Kadın ve erkeklerin yürüyerek tavaf yapması sünnettir. Ancak hastalık veya başka nedenlerden dolayı binekli olarak tavaf etmek mekruh değildir.
Ümmü Selma hasta olduğu halde Mekke´ye geldi. Hz. Peygamber; ona şöyle dedi: ´Halkın arkasında binekli olarak tavaf et!´[20]
2. Tavafa başlarken Hacer´ul-Esved´i öpmeli veya ona dokunmalıdır. Çünkü Hz. Peygamber böyle yapardı.[21] İzdiham veya benzeri bir nedenden dolayı Hacer´ul-Esved´e yaklaşma imkânı bulunamazsa, ona uzaktan işaret edilmelidir. Bu da erkeklere mahsus bir sünnettir. Kadınların, Hacer´ul-Esved´i öpmeleri, ona dokunmaları sünnet değildir. Ancak tavaf yeri boş olduğunda kadınlar bunu yapabilirler. Hacer´ul-Esved´i öpmek veya ona dokunmak halka eziyet verecekse, erkeklerin de ona dokunup öpmeleri müstehab olmaktan çıkar, mekruh veya haram olur Bu halka verilen eziyete göre değişir. Bu hususta Hz. Peygamber Hz Ömer´e şöyle demiştir:
Ey Ömer! Sen güçlü bir kişisin. Hacer´ul-Esved´e dokunup öpmek için insanlarla itişme, çünkü zayıf bir kimseye eziyet verebilirsin. Bunu, tenha olduğu zaman yap. Tenha değilse uzaktan teşbih ve tehlil getirip ona işaret etmen yeterlidir.[22]
3. Her şavt´ta Hacer´ul-Esved´e dokunup öpmek.
Tavaf ve namazdan sonra da Hacer´ul-Esved´e dokunup öpmek sünnettir.
4. Tavafın başlangıcında şöyle demelidir:
Allah´ın ismiyle. Allah en yücedir. Yârab!
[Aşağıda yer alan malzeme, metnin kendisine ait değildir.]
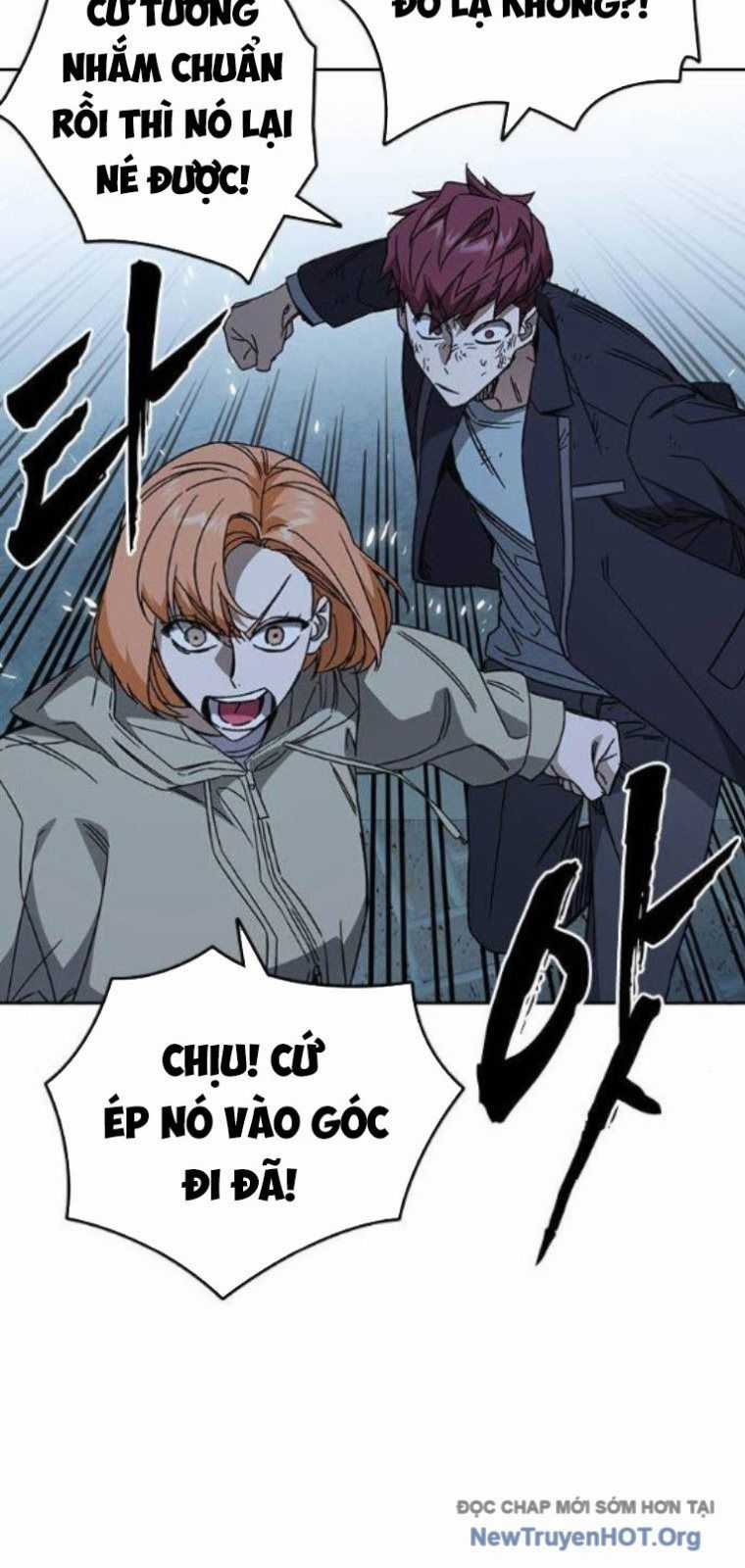 Học Nhóm Chương 286 trang 34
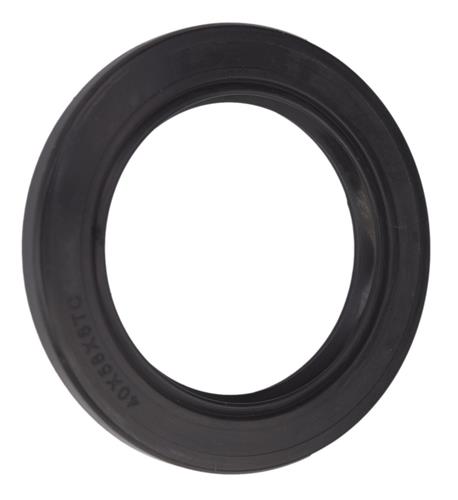 DURAFORCE 40X58X6TC Metric Shaft Oil Seal 40mm/58mm/6mm SpinCo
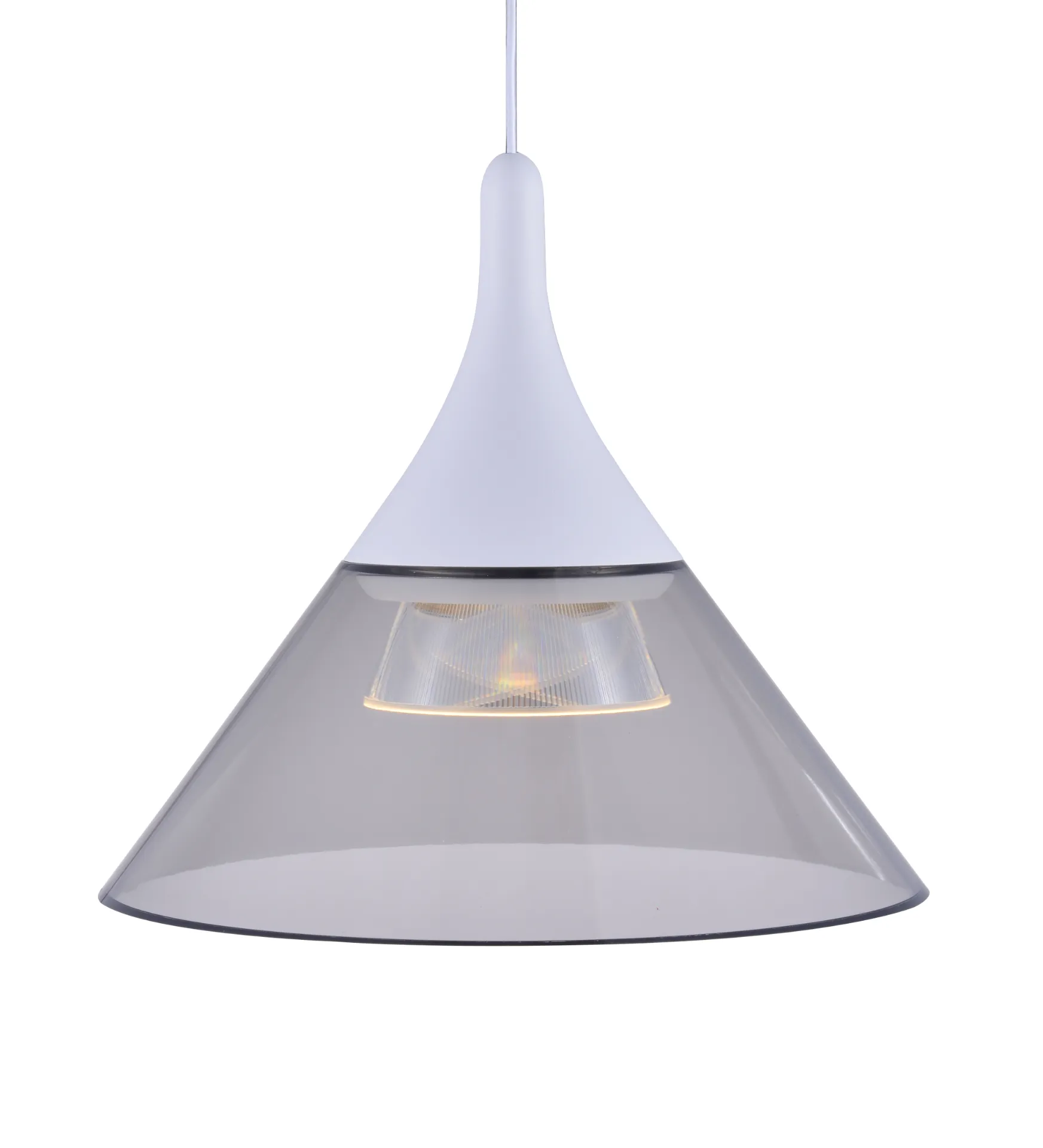 Pendente LED THOM Nordecor - 2693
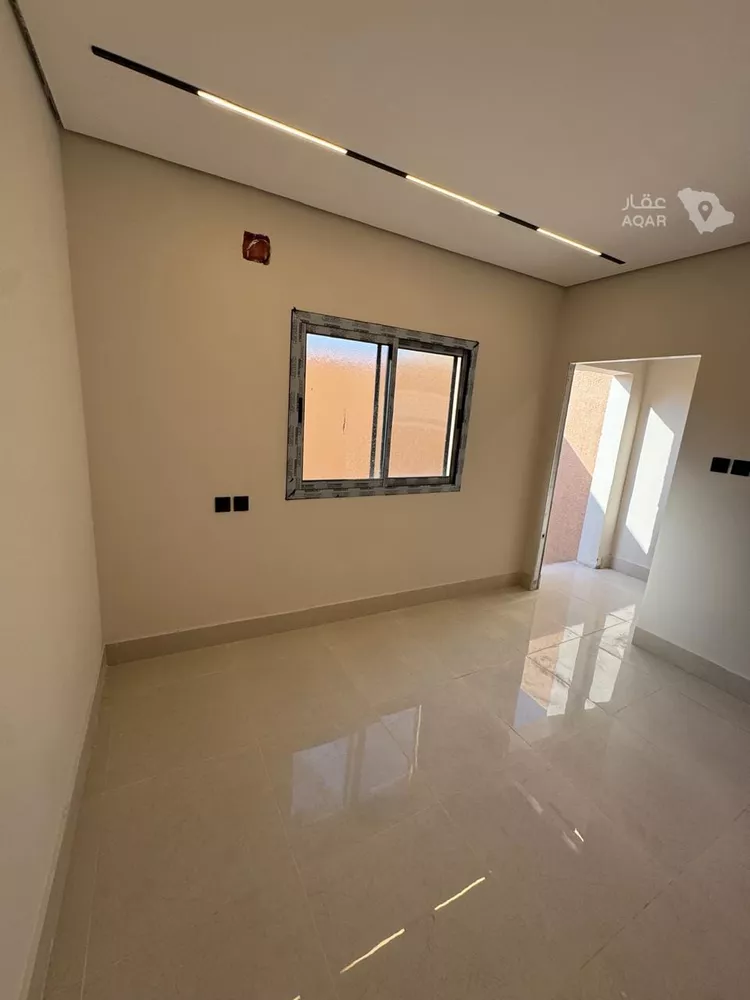 Apartment for Rent in Riyadh Jarir صورة 2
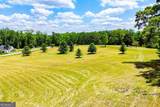 1050 Denton Road - Photo 102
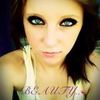 Shawnti D.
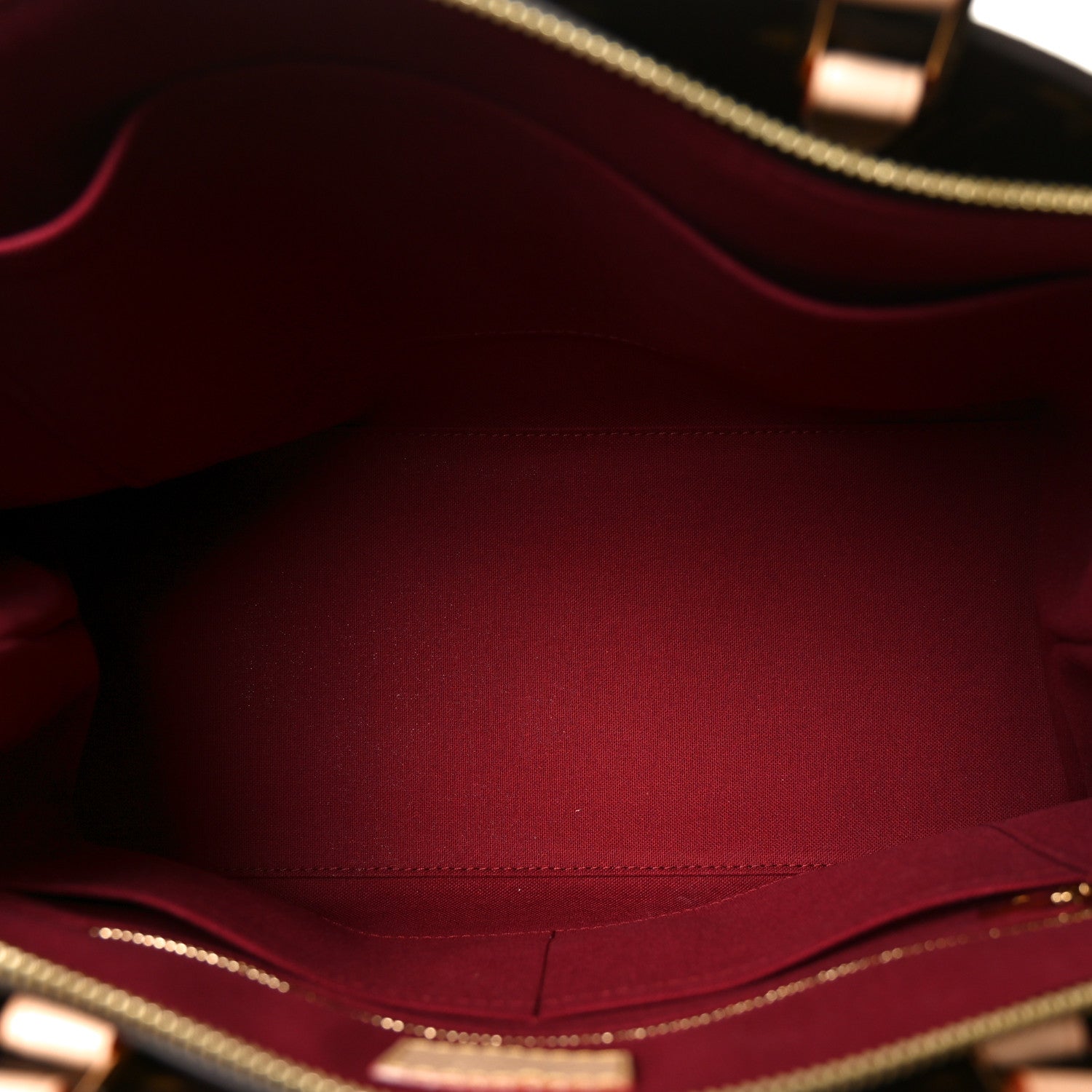 Louis Vuitton Monogram Grand Palais 5 of 9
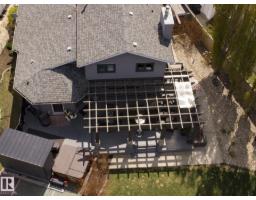 48 Aster Pt, Sherwood Park, AB T8H1M6 Photo 71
Sana iman etmek, kitabını tasdik etmek, va´dini yerine getirmek, peygamberin Muhammed´in sünnetine tâbi olmak üzere bunu yapıyorum.
Selef imamları bunda ittifak etmişlerdir. Kabe´nin kapısının karşısına geldiğinde de şu duayı okumalıdır:
Yârab! Şüphe yok ki Kabe. senin beytindir, harem senin haremindir, emniyet senin emniyetindir. Bu da ateşten sana sığınanın makamıdır.
Rükn-ü Irakînin hizasına geldiğinde de şu duayı okumalıdır:
Yârab! Ben sekten, şirkten, nifaktan ve kötü. ahlâktan, ailemden, malımdan, çocuklarımdan ve kötü nazardan sana sığınıyorum.
Kabe´nin oluğunun altına geldiğinde şu duayı okumalıdır:
Yârab! Senin arşının gölgesinden başka gölgenin olmadığı bir günde beni gölgelendir. Peygamberin Muhammed´in kadehiyle bana hoş ve içildikten sonra artık susuzluk hissedilmeyen bir içki ikram et, ey celâl ve ikram sahibi!
Şâmî ve Yemanî rükünleri arasında da şu duayı okumalıdır:
Ey Allahım! Haccımı mebrûr, günahımı mağfur, sa´yimi meşkûr, amelimi makbul eyle, ticaretimi zarar etmeyen bir ticaret kıl ey aziz ve gafur!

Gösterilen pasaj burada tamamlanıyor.